* [Your objective] With both ends included, repeat exactly the lines of the entries below from the one containing "مقابض درج خزانة" down to the one containing "Replay: Vault - 2022", and no others.
#####
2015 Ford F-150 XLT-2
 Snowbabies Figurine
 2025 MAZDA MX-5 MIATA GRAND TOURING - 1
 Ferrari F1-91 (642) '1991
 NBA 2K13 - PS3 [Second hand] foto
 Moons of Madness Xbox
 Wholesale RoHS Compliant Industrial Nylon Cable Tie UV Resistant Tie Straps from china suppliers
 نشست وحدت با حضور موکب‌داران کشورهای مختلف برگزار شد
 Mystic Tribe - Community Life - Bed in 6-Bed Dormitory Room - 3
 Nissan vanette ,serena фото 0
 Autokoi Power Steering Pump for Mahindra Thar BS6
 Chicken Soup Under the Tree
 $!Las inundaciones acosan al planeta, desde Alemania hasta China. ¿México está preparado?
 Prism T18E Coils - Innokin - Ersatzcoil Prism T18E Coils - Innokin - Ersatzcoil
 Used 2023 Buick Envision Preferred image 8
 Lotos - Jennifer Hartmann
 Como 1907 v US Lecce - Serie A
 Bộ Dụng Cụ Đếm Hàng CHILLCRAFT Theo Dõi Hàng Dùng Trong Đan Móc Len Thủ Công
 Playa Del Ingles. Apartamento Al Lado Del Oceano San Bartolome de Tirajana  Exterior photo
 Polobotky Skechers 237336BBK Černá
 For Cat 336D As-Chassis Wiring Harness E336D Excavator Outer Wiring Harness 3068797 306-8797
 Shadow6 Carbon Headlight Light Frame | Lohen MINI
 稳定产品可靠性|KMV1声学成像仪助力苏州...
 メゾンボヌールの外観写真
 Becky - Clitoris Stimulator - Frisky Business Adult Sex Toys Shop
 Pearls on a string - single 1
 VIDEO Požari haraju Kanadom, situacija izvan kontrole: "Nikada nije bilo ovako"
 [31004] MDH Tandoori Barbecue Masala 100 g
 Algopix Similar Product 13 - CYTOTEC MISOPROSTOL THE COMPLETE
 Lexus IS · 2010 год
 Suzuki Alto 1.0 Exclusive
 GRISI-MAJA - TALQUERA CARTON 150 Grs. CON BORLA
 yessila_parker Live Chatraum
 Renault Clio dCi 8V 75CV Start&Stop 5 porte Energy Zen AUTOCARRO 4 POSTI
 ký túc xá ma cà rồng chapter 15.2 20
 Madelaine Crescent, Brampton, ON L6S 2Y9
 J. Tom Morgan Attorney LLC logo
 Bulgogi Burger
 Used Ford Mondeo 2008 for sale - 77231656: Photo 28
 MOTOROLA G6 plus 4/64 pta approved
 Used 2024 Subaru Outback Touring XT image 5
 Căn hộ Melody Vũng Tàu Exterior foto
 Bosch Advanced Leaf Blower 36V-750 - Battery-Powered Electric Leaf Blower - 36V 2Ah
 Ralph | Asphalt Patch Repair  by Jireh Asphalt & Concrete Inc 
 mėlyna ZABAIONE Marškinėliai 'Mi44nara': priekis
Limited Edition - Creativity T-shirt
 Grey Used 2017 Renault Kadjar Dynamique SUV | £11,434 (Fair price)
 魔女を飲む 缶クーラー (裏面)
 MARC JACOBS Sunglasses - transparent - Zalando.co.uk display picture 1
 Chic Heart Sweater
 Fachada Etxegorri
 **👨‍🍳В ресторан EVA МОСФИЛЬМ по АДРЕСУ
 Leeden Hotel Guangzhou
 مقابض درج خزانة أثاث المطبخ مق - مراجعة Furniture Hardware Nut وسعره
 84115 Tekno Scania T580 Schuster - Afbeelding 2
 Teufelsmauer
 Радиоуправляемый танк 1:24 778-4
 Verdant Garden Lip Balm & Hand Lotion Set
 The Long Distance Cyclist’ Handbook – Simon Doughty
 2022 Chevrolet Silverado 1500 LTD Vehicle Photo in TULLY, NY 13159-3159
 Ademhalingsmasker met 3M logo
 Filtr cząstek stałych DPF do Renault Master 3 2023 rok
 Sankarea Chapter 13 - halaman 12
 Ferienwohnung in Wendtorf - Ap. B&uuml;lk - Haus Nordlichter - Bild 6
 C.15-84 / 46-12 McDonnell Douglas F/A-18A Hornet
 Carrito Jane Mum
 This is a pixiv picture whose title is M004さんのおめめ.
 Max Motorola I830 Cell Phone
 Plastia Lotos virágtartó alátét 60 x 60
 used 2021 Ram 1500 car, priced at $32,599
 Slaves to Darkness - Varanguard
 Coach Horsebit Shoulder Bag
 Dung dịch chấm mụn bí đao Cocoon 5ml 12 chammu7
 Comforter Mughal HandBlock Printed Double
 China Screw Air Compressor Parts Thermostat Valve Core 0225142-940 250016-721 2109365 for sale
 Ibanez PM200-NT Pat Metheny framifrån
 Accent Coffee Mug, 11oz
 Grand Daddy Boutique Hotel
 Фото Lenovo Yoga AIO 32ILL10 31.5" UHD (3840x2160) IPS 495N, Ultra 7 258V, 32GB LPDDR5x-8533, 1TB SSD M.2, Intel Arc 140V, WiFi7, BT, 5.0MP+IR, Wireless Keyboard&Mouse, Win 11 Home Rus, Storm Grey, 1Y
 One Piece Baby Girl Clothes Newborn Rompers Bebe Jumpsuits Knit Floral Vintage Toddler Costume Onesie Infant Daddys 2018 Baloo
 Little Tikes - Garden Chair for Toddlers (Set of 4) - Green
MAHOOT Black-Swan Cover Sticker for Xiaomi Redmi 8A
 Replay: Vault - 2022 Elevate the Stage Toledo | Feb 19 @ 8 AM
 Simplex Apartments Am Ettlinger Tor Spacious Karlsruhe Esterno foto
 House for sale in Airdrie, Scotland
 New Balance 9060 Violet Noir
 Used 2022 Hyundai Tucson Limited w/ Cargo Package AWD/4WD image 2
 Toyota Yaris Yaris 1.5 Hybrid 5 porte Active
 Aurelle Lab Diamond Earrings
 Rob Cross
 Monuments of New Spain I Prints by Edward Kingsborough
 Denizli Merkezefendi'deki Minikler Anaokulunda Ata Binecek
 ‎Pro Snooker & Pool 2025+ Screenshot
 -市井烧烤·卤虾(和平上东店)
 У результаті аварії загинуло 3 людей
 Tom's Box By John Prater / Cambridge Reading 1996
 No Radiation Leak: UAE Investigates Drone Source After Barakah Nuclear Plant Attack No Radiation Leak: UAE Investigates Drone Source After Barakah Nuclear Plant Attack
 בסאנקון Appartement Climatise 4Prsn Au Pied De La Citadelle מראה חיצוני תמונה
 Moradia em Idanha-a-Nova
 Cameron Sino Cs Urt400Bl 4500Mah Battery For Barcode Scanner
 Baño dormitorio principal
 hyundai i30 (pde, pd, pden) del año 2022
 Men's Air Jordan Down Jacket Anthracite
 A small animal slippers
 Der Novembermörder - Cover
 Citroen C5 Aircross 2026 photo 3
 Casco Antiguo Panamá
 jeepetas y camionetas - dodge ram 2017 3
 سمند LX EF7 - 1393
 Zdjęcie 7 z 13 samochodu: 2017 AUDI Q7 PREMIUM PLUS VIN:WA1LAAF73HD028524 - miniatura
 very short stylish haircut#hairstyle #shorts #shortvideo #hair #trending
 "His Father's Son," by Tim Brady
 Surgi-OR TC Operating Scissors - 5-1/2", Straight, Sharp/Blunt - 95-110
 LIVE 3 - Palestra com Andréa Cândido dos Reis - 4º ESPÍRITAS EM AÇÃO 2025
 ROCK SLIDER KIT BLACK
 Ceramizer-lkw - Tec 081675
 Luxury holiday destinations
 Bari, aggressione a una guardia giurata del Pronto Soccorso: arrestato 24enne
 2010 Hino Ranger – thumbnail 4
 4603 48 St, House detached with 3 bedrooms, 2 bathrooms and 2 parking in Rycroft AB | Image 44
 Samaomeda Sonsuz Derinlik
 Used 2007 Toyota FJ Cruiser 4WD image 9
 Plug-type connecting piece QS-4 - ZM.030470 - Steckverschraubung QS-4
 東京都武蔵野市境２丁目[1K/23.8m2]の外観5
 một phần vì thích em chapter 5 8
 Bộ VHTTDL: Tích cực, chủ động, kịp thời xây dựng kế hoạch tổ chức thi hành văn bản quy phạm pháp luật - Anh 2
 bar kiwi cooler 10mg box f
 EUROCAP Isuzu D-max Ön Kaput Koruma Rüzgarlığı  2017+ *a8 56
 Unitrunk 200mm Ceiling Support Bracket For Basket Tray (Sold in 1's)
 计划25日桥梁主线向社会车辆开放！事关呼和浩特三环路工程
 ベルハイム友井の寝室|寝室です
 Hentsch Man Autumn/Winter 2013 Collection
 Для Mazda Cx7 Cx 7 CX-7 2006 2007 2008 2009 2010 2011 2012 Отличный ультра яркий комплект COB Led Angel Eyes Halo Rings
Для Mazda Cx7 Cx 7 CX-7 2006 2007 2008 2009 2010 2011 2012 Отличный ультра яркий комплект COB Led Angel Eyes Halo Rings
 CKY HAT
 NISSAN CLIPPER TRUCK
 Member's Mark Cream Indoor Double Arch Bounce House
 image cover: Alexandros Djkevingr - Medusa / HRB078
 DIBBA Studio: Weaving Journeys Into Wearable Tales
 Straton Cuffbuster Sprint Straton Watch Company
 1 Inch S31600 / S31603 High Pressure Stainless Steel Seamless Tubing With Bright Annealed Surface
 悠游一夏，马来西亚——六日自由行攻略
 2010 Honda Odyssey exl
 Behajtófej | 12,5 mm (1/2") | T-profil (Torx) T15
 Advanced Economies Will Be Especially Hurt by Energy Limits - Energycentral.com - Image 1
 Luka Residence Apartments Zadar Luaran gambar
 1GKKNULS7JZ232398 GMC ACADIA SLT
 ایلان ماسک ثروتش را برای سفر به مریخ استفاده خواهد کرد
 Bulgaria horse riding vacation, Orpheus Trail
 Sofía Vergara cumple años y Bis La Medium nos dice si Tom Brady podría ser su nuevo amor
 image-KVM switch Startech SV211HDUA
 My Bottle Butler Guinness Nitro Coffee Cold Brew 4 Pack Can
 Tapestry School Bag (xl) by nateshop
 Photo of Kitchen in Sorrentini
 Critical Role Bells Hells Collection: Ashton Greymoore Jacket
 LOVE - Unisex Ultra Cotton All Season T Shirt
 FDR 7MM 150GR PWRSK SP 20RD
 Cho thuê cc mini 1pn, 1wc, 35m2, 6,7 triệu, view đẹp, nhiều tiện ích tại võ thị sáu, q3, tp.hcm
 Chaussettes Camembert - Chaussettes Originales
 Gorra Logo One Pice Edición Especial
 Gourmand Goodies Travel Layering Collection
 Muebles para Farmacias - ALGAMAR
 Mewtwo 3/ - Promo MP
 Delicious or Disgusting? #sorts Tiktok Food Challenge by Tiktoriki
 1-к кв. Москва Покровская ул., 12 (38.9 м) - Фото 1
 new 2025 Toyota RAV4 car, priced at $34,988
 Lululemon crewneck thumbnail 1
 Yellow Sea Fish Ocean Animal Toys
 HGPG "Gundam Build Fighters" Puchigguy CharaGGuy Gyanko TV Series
#####
* [The completed task]
 مقابض درج خزانة أثاث المطبخ مق - مراجعة Furniture Hardware Nut وسعره
 84115 Tekno Scania T580 Schuster - Afbeelding 2
 Teufelsmauer
 Радиоуправляемый танк 1:24 778-4
 Verdant Garden Lip Balm & Hand Lotion Set
 The Long Distance Cyclist’ Handbook – Simon Doughty
 2022 Chevrolet Silverado 1500 LTD Vehicle Photo in TULLY, NY 13159-3159
 Ademhalingsmasker met 3M logo
 Filtr cząstek stałych DPF do Renault Master 3 2023 rok
 Sankarea Chapter 13 - halaman 12
 Ferienwohnung in Wendtorf - Ap. B&uuml;lk - Haus Nordlichter - Bild 6
 C.15-84 / 46-12 McDonnell Douglas F/A-18A Hornet
 Carrito Jane Mum
 This is a pixiv picture whose title is M004さんのおめめ.
 Max Motorola I830 Cell Phone
 Plastia Lotos virágtartó alátét 60 x 60
 used 2021 Ram 1500 car, priced at $32,599
 Slaves to Darkness - Varanguard
 Coach Horsebit Shoulder Bag
 Dung dịch chấm mụn bí đao Cocoon 5ml 12 chammu7
 Comforter Mughal HandBlock Printed Double
 China Screw Air Compressor Parts Thermostat Valve Core 0225142-940 250016-721 2109365 for sale
 Ibanez PM200-NT Pat Metheny framifrån
 Accent Coffee Mug, 11oz
 Grand Daddy Boutique Hotel
 Фото Lenovo Yoga AIO 32ILL10 31.5" UHD (3840x2160) IPS 495N, Ultra 7 258V, 32GB LPDDR5x-8533, 1TB SSD M.2, Intel Arc 140V, WiFi7, BT, 5.0MP+IR, Wireless Keyboard&Mouse, Win 11 Home Rus, Storm Grey, 1Y
 One Piece Baby Girl Clothes Newborn Rompers Bebe Jumpsuits Knit Floral Vintage Toddler Costume Onesie Infant Daddys 2018 Baloo
 Little Tikes - Garden Chair for Toddlers (Set of 4) - Green
MAHOOT Black-Swan Cover Sticker for Xiaomi Redmi 8A
 Replay: Vault - 2022 Elevate the Stage Toledo | Feb 19 @ 8 AM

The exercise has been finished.